Penalties. An Entity that violates the statute in the following manner is subject to the following administrative fines:
A violation of this section shall be treated as an unfair or deceptive trade practice in any action brought by the Department against a entity or third-party agent.
An Entity that fails to notify the Department or Affected Individuals shall be liable for a civil penalty not to exceed $500,000, (i) in the amount of $1,000 for each day the breach goes undisclosed for up to 30 days and, thereafter, $50,0000 for each 30-day period or portion therefore for up to 180 days; or (ii) if the violation continues for more than 180 days, in an amount not to exceed $500,000. The civil penalties under this paragraph apply per breach, and not per individual affected by the breach.
Exception: Compliance with Other Laws.
Primary Regulator. Notification pursuant to laws, rules, regulations, guidance, or guidelines established by an Entity’s primary or functional state regulator is sufficient for compliance.
Other Key Provisions:
- Delay for Law Enforcement.

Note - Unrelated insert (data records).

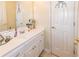 Bathroom with a single vanity and a mirror at 2080 Misty Oaks Dr, Buford, GA 30519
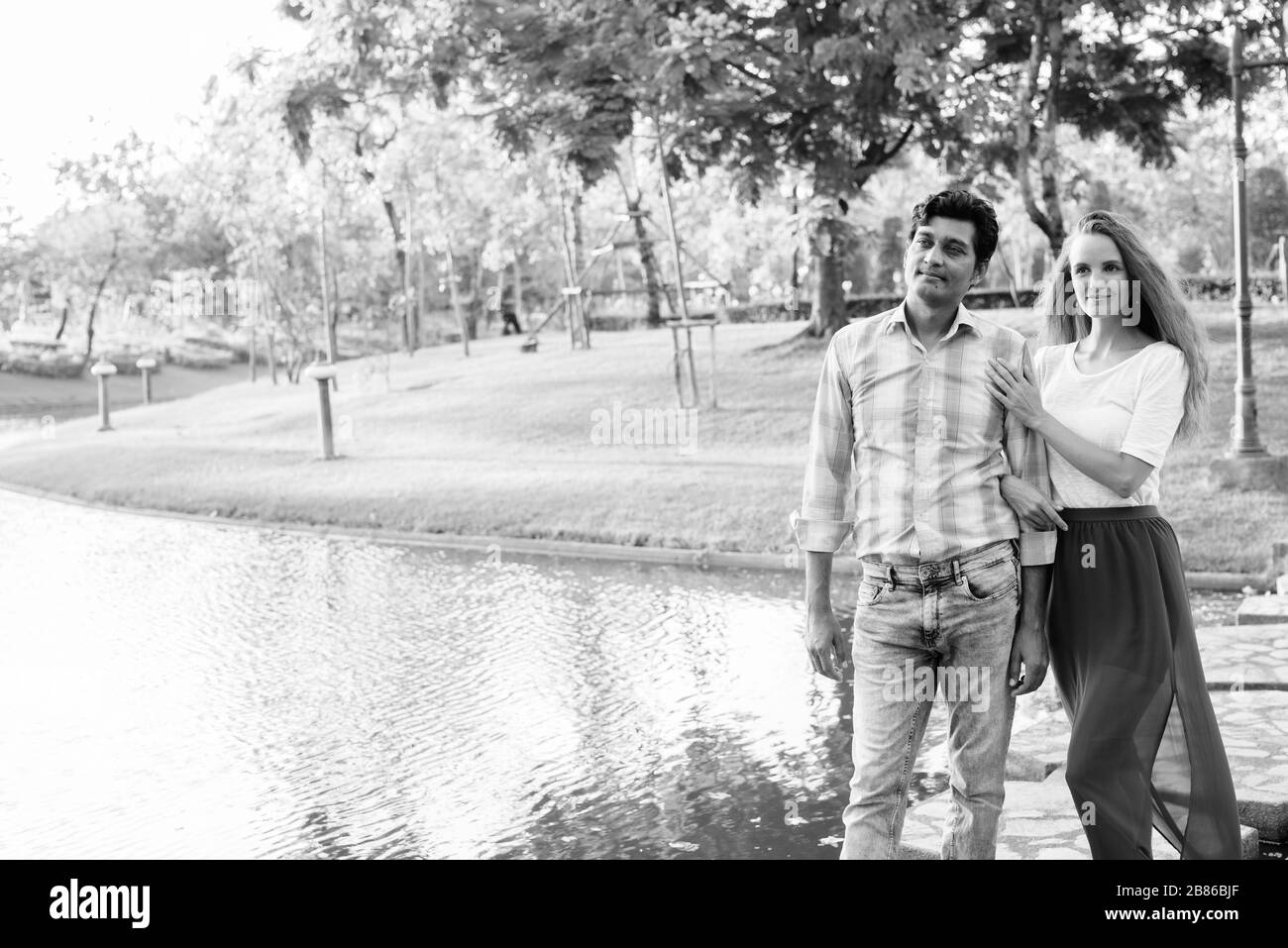 Multiethnisches Paar denkt, während es auf einem Steinpfad mitten im See im Park steht Stockfoto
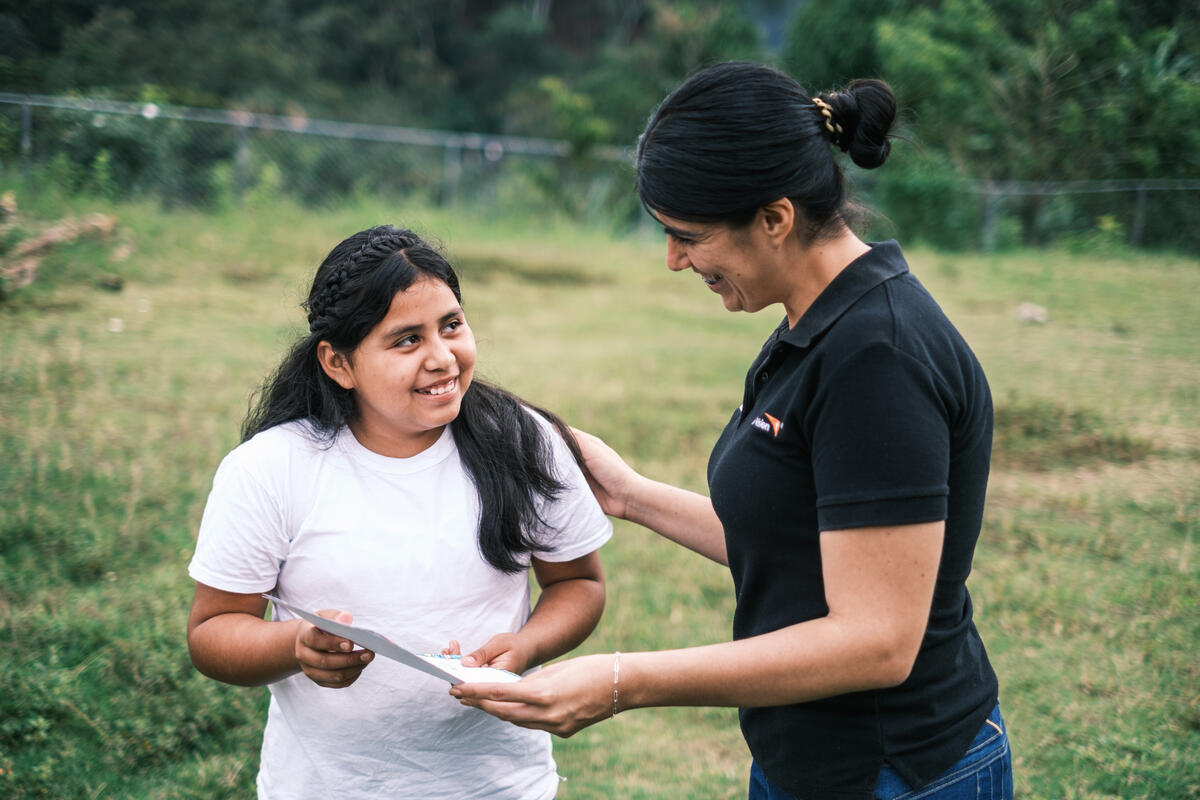 Girl from Honduras showing World Vision staff the letter for her sponsor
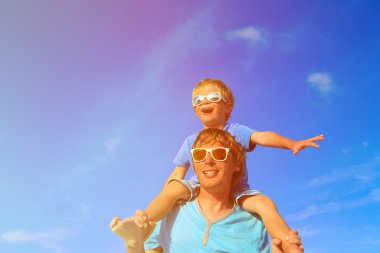 Baba ve küçük oğlu yaz göğün üzerinde oynama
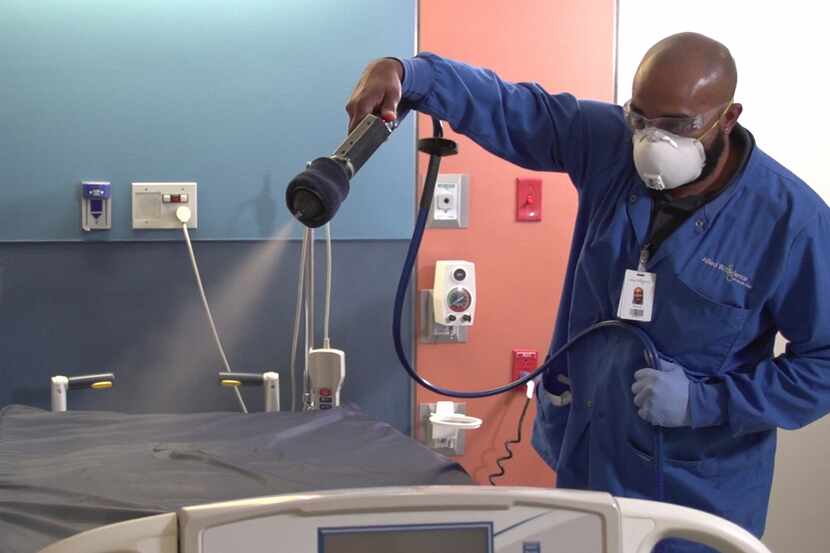 A health care worker sprays down a hospital bed with the continuously active disinfectant,...
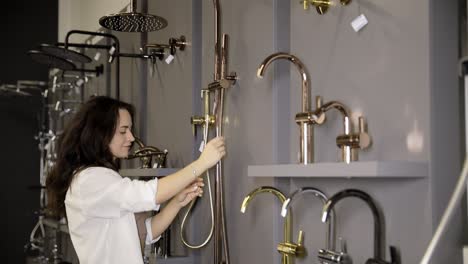 woman shopping for bathroom fixtures in a store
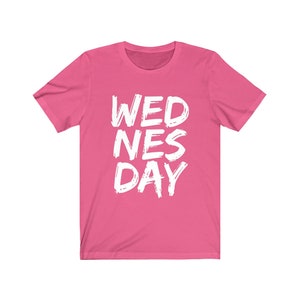 Puede incluir: Camiseta rosa de manga corta con el texto "WEDNES DAY" en blanco, con letras estilizadas.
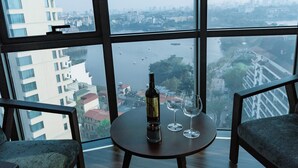 A high-rise room with a large window overlooking a cityscape and river. - Legend Westlake Hotel (Hanoi)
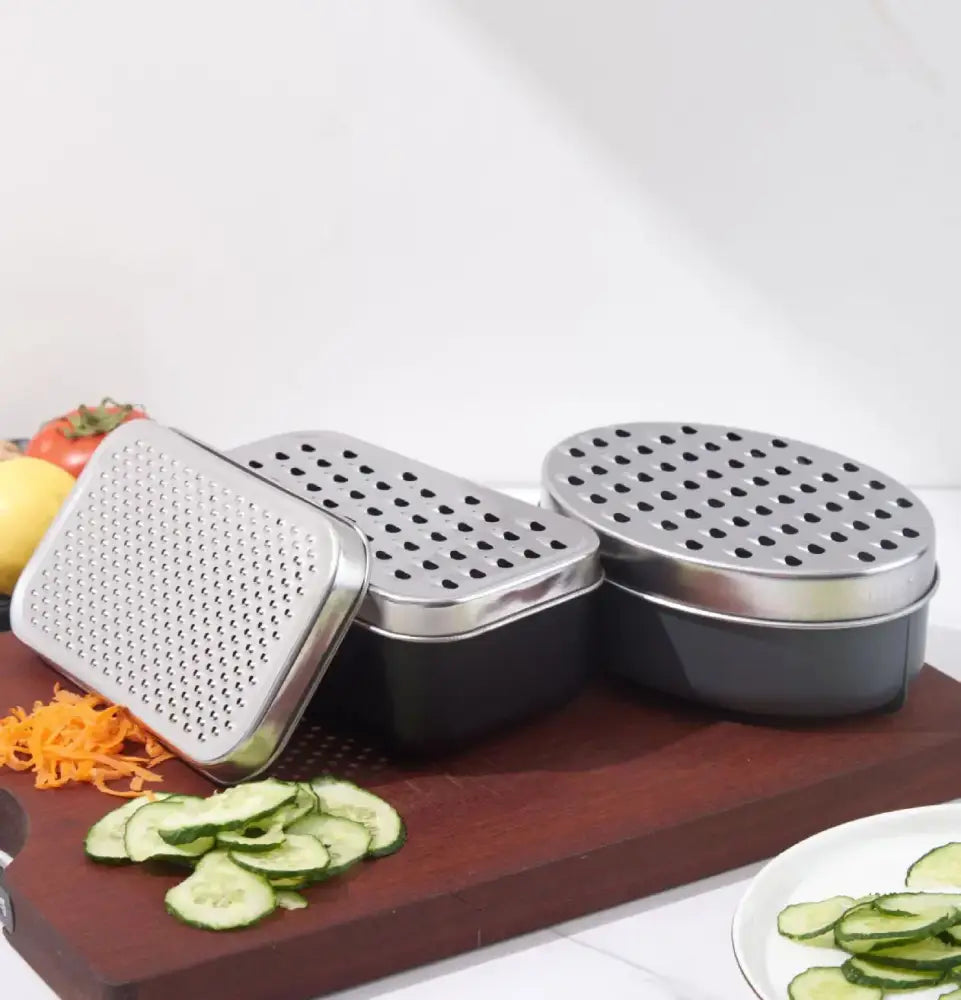 Stainless steel cheese grater with perforated surface and black container lid for kitchen use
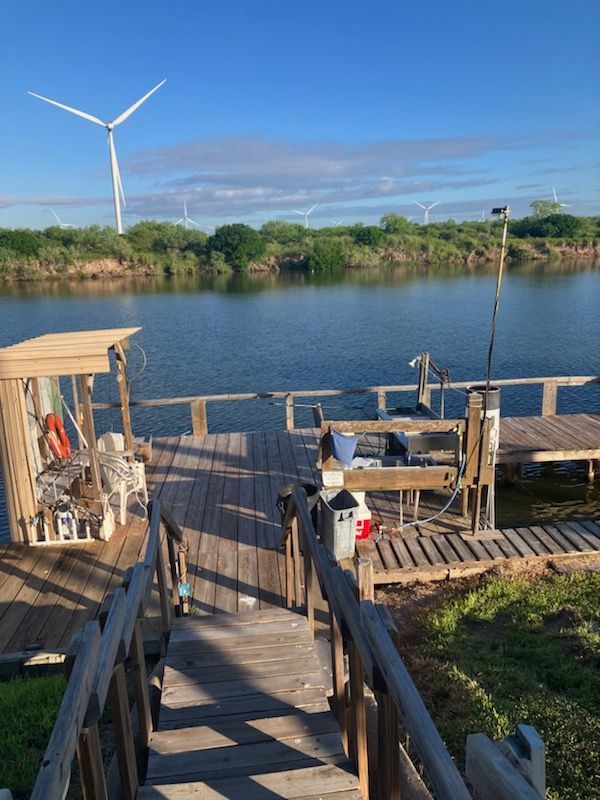 A wooden dock with a windmill in the background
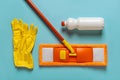Flat mop, floor cleaner and rubber gloves over blue background. Orange microfiber mop with handle, white bottle of liquid cleaner Royalty Free Stock Photo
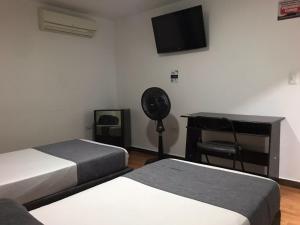 Postel nebo postele na pokoji v ubytování Hotel Castellon Plaza Pereira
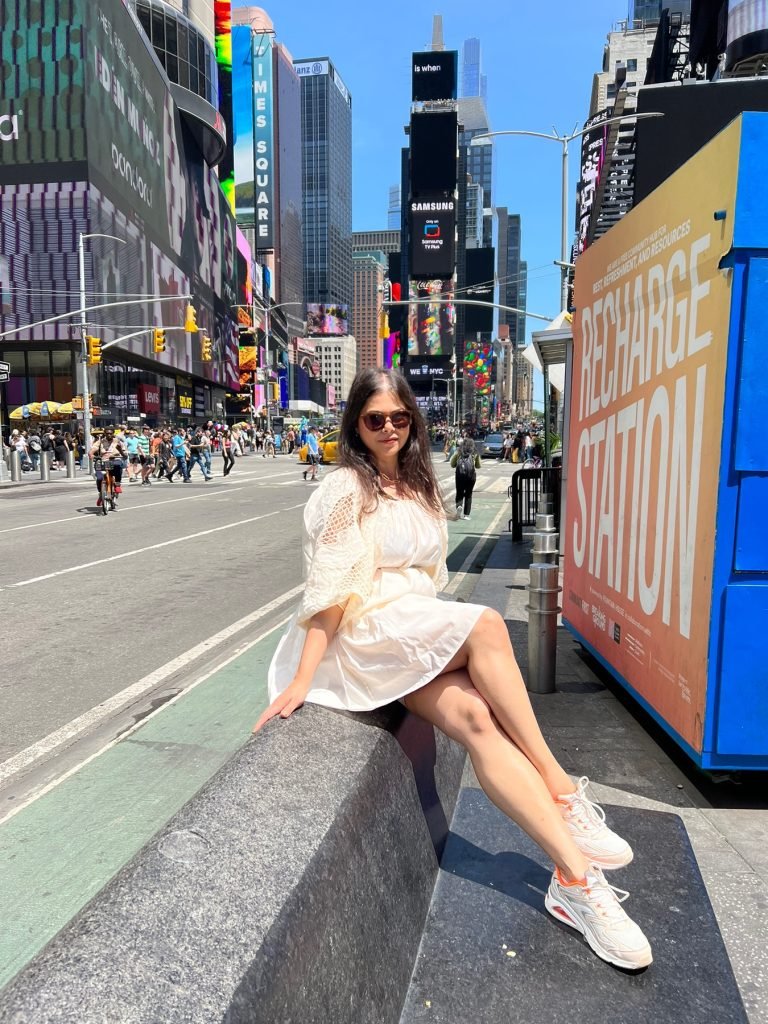 A picture of a beautiful woman sitting on a bench in front of Times square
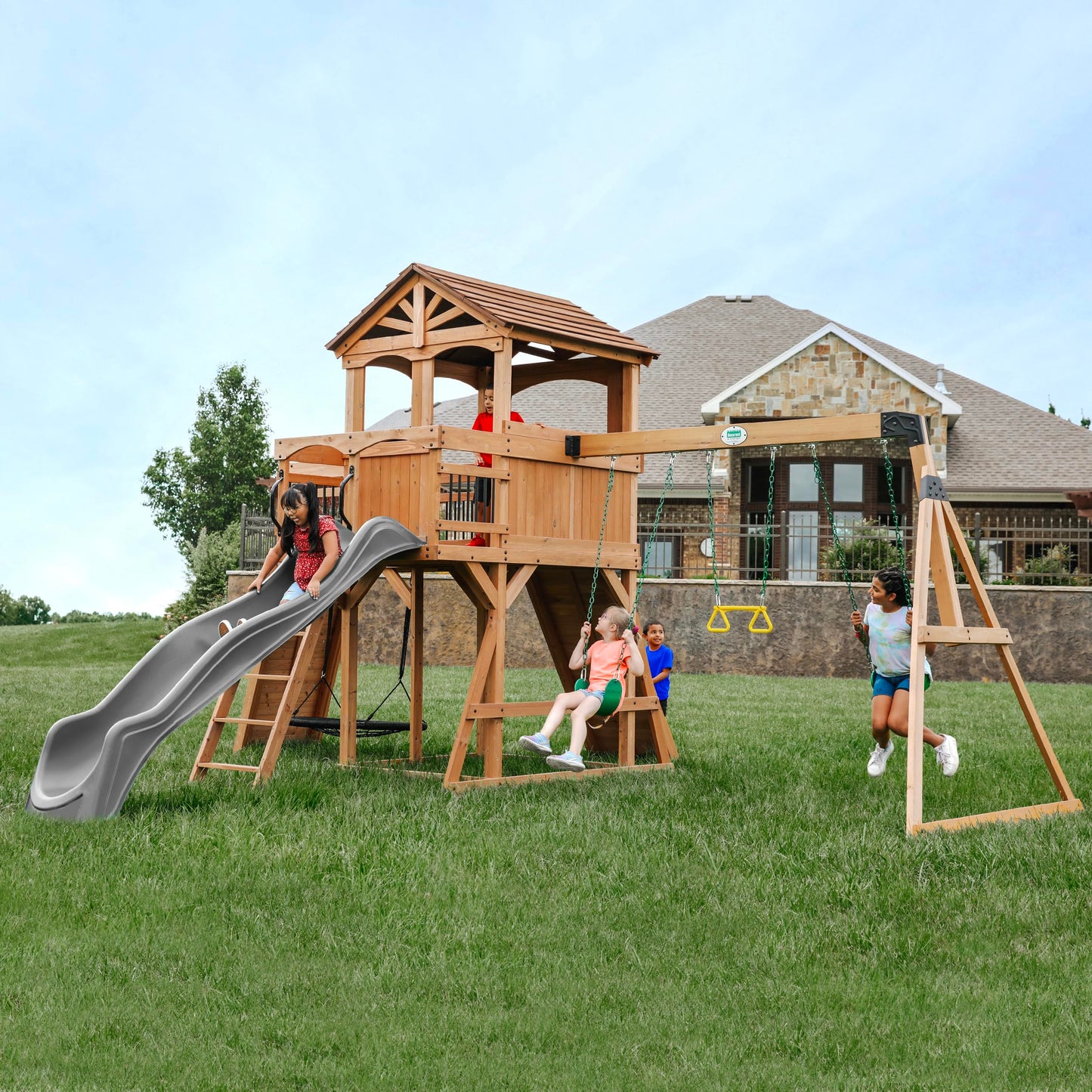 Backyard Discovery Sterling Point Cedar Wood Swing Set with Wave Slide, Raised Clubhouse, Wooden Bridge, Rock Wall, Belt Swings, Web Swing, Trapeze, Balcony, Climbing Wall, Ladder, Outdoor Playset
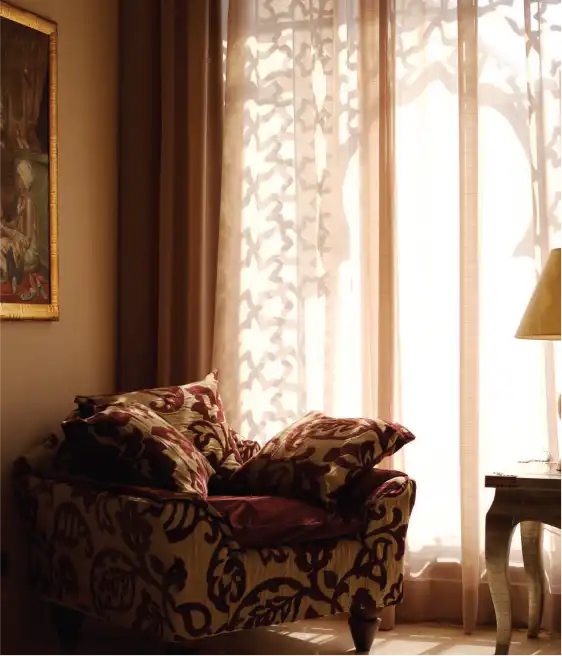 A corner of the room featuring a patterned armchair with plush cushions at Miramar Al Aqah Resort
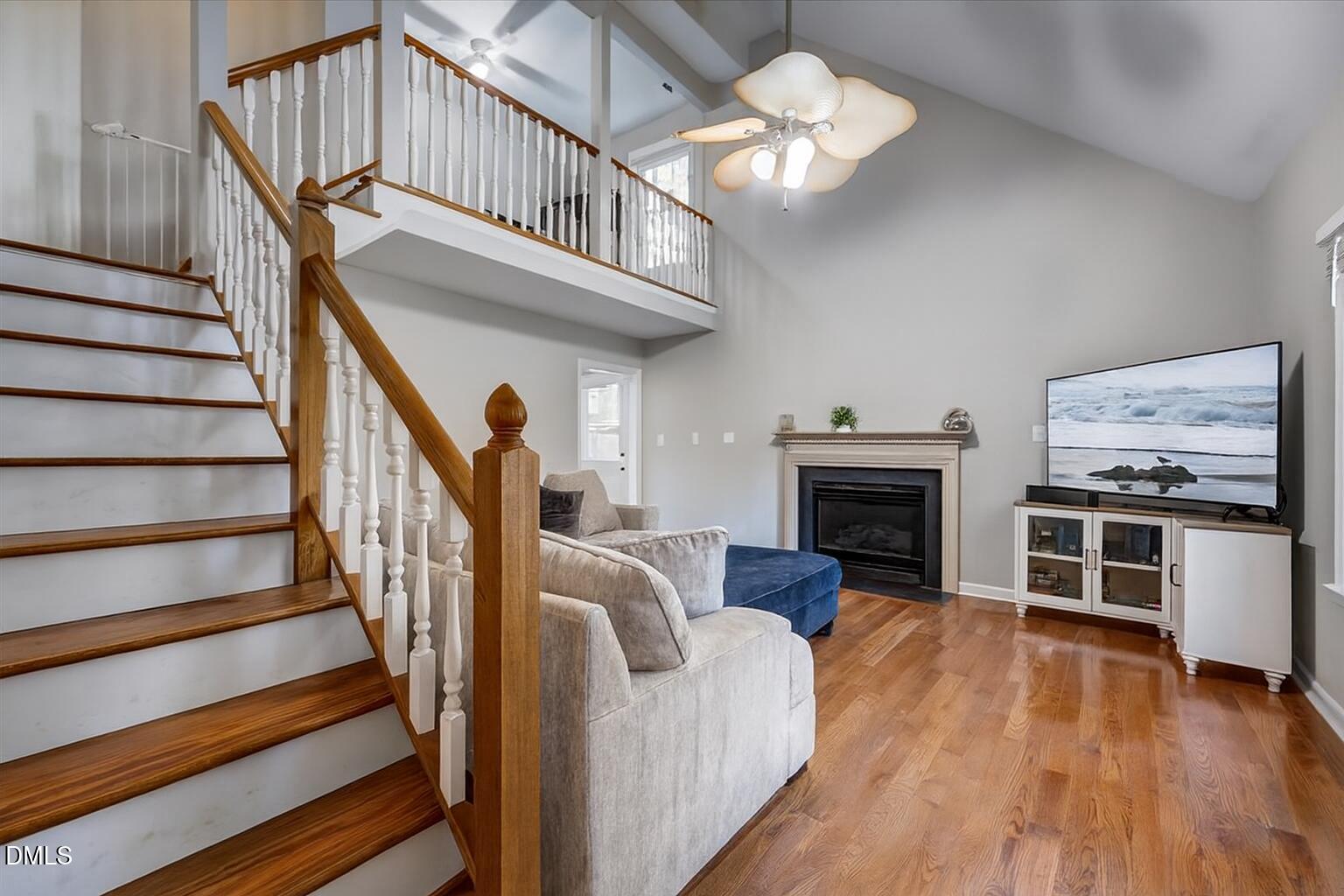 103 Kingsmill Road Cary, NC 27511 - Photo 3 of 30 a view of a livingroom with furniture a fireplace wooden floor and staircase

Notice to Individuals may be delayed for a specified period that the law enforcement agency determines is reasonably necessary in a written request if a law enforcement agency determines that the notice will impede a criminal investigation. Law enforcement agency may, by a subsequent written request, revoke such delay as of a specified date or extend the period specified in the original request made to a specified date if further delay is necessary.
- Public Records Exemption. All information received by the Department pursuant to the notification requirements or pursuant to a law enforcement or Department investigation is confidential and exempt from the Public Records requirement under the State Constitution and statutes.